◆ **The problem**:
From the first line to the last, repeat the data exactly but leave out the pictures.

◆ **Exercise data**:
== Segment start ==

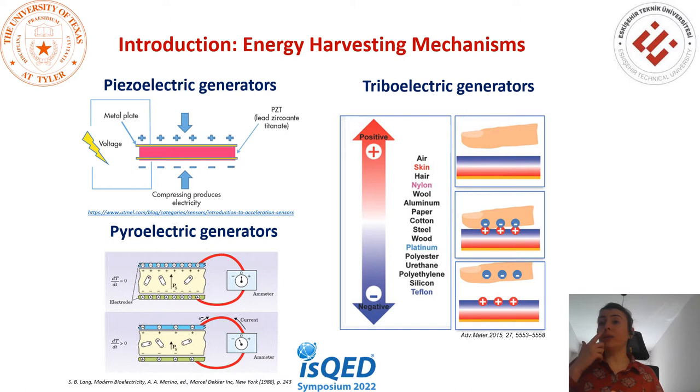Lastly, the triboelectric generator — our energy harvester design is based on the triboelectric effect. Triboelectric generators convert external mechanical energy into electricity based on the triboelectric effect and electrostatic induction. The list shows a material's tendency to gain or lose electrons when it makes contact with other materials. When one triboelectric surface touches another, one charges positively and the other charges negatively. This is the main principle of the triboelectric effect to harvest energy from mechanical movement.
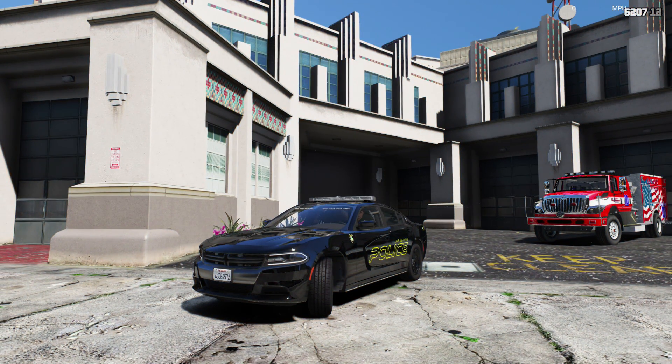Welcome back to another LSPDFR Patrol. Today we're back in the Simpsonville Police Department base pack by Frost 88, and this is a 2018 Charger. We'll take a look at this car before we begin.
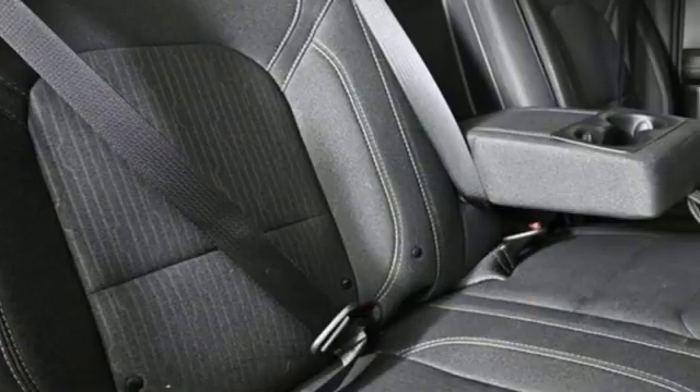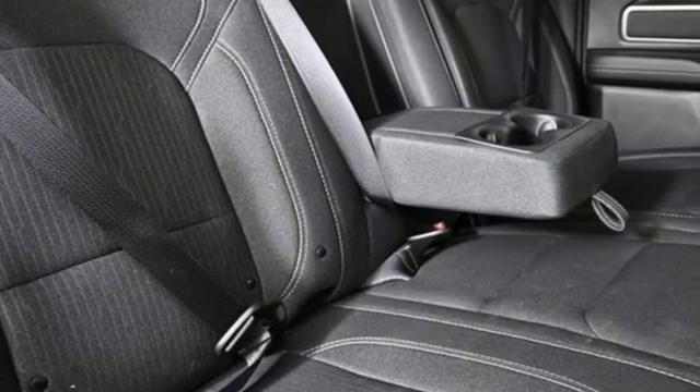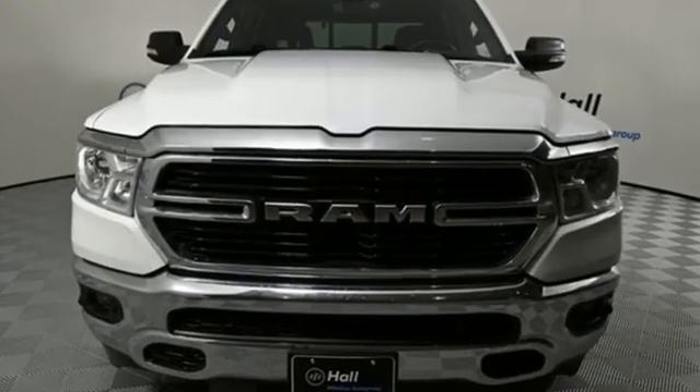Car and Driver hails pretty much everything about this new truck as very well executed. Ram works hard, plays harder.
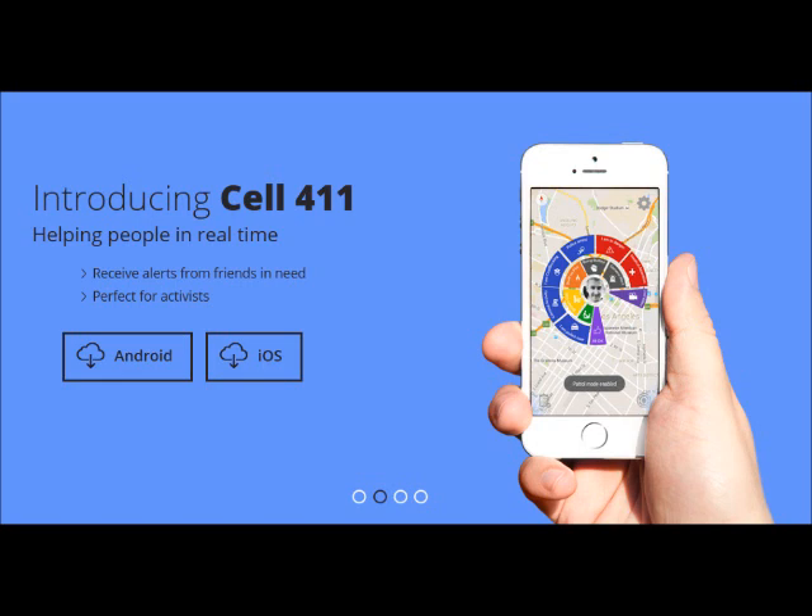Cell 411 is a nightmare for the state because it proves their so-called services aren't needed. Cell 411 has had thousands of installs, and of course it's covered by the BIPCOT no-government license. Cell 411 — because your friends won't shoot you when you're in trouble.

== Segment end ==

◆ **Problem solution**:
Lastly, the triboelectric generator — our energy harvester design is based on the triboelectric effect. Triboelectric generators convert external mechanical energy into electricity based on the triboelectric effect and electrostatic induction. The list shows a material's tendency to gain or lose electrons when it makes contact with other materials. When one triboelectric surface touches another, one charges positively and the other charges negatively. This is the main principle of the triboelectric effect to harvest energy from mechanical movement.
Welcome back to another LSPDFR Patrol. Today we're back in the Simpsonville Police Department base pack by Frost 88, and this is a 2018 Charger. We'll take a look at this car before we begin.
Car and Driver hails pretty much everything about this new truck as very well executed. Ram works hard, plays harder.
Cell 411 is a nightmare for the state because it proves their so-called services aren't needed. Cell 411 has had thousands of installs, and of course it's covered by the BIPCOT no-government license. Cell 411 — because your friends won't shoot you when you're in trouble.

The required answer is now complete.